Fri, 01 Dec 2023

NEW YORK CITY, New York: To comply with the requirements of the "Made in America" laws, a $7.5 billion federal program meant to accelerate the electric vehicle industry, producers and operators of electric vehicle chargers in the US are preparing for a slowdown in production and distribution.

Tesla, ChargePoin, EVgo and Electrify America are some of the major manufacturers and network operators of EV charging stations.

In February, the White House laid out the requirements of the program, which is are part of President Joe Biden's efforts to build an electric-friendly US highway system by 2030.

However, the EV charging industry has been caught unprepared by the implementation of requirements to immediately begin charger assembly at American factories and use locally-made iron or steel cases.

However, company executives and some state officials who will manage the federal funds warn that there is currently a lack of domestic production capacity, especially high-speed chargers, adding that the enforcement of the requirements will slow production and increase costs.

Meanwhile, Aatish Patel, co-founder of XCharge North America, which imports chargers from its factory in China, said, "Everyone was hoping that there would be a waiver on the Buy America and Made in America. That throws a wrench in a lot of people's plans," as quoted by Reuters.

Some two-thirds of the federal funding will be allocated to states, and the rest to cities, counties and Native American tribes.

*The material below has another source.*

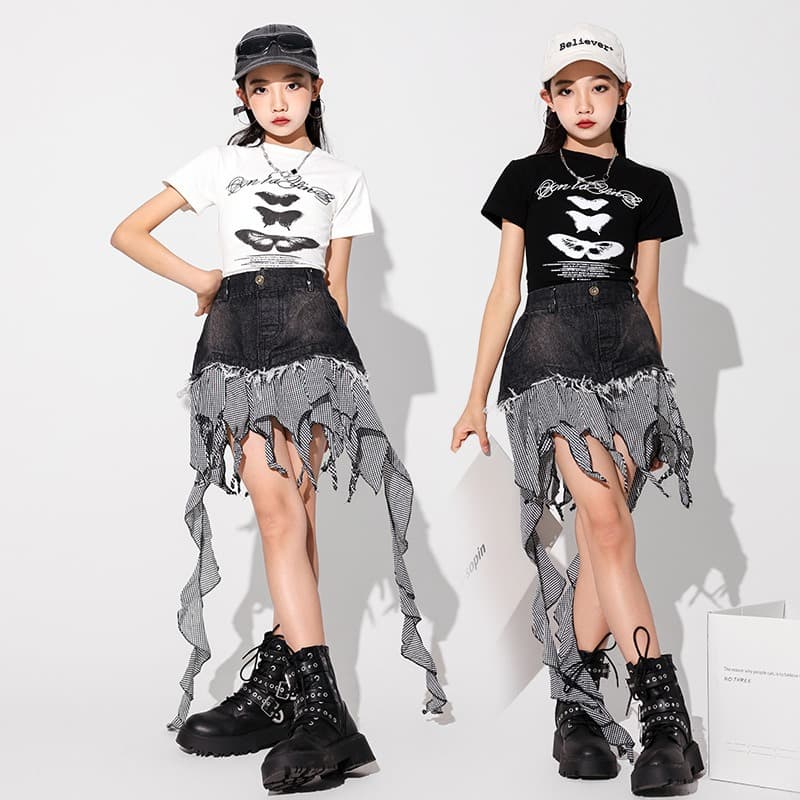 キッズ ダンス衣装 セットアップ 不規則スカート付き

Additionally, the initial $1.25 billion round of Biden's funding will be allocated to highway fast chargers, with later rounds covering slower chargers.

According to EVgo, which operates more than 850 fast-charging locations, there is a process to individually request for a deferral of the "Made in America" rules, but it is unsure if this will be allowed by the government.

Meanwhile, Jonathan Levy, EVgo Chief Commercial Officer, said there is a risk that 2023 projects could wait while the supply chain catches up, though it is difficult to plan for the future.

"You have this uncertainty. Am I going to get that waiver? Do I need to hold off? What does it look like?" he said, according to Reuters.